◆ **What to work on**:
Your response should be an exact transcription of the data, images excluded.

◆ **Stored data**:
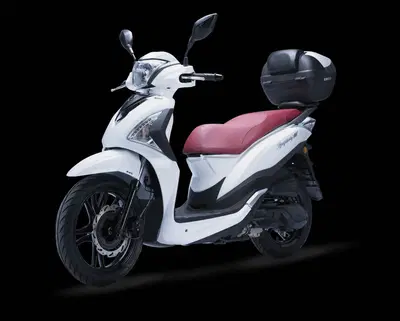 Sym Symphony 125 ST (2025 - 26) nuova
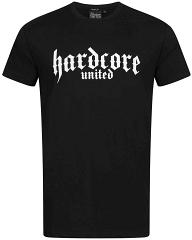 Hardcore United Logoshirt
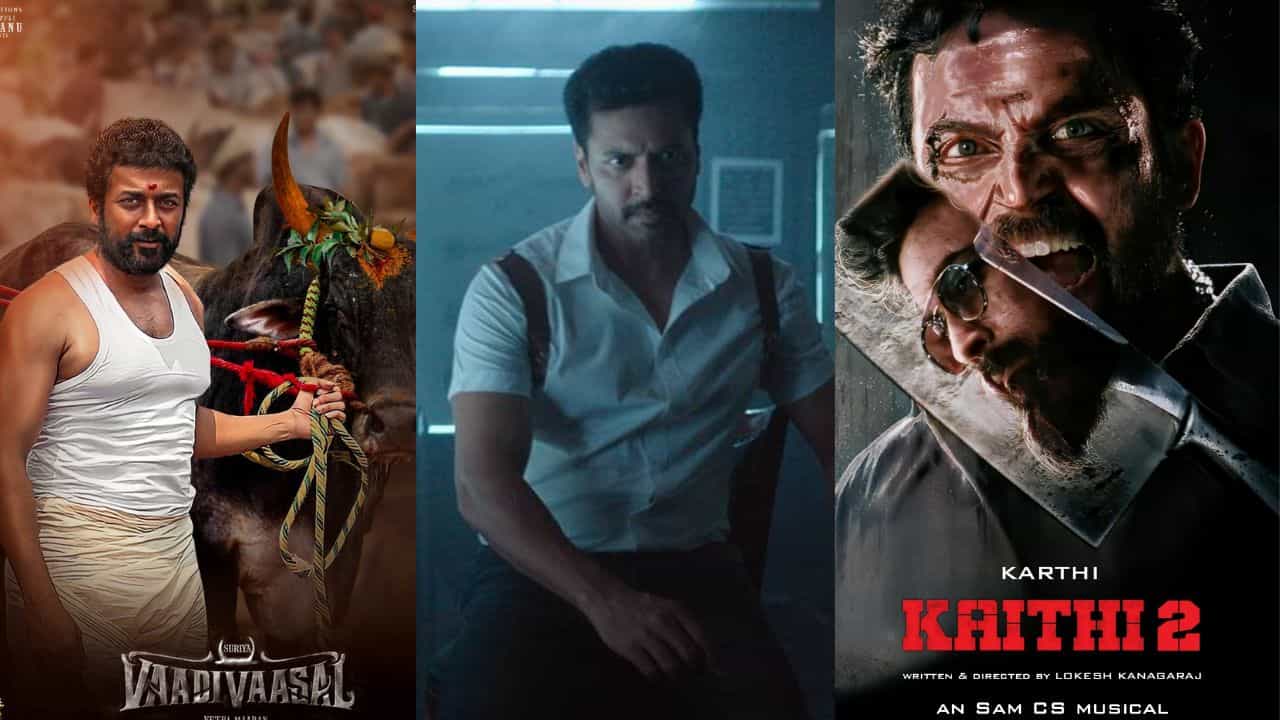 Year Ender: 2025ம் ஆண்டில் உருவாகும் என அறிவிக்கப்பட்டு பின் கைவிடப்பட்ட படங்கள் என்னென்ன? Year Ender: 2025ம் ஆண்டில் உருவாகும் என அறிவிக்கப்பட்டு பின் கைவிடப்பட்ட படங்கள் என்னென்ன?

◆ **Task response**:
 Sym Symphony 125 ST (2025 - 26) nuova
 Hardcore United Logoshirt
 Year Ender: 2025ம் ஆண்டில் உருவாகும் என அறிவிக்கப்பட்டு பின் கைவிடப்பட்ட படங்கள் என்னென்ன? Year Ender: 2025ம் ஆண்டில் உருவாகும் என அறிவிக்கப்பட்டு பின் கைவிடப்பட்ட படங்கள் என்னென்ன?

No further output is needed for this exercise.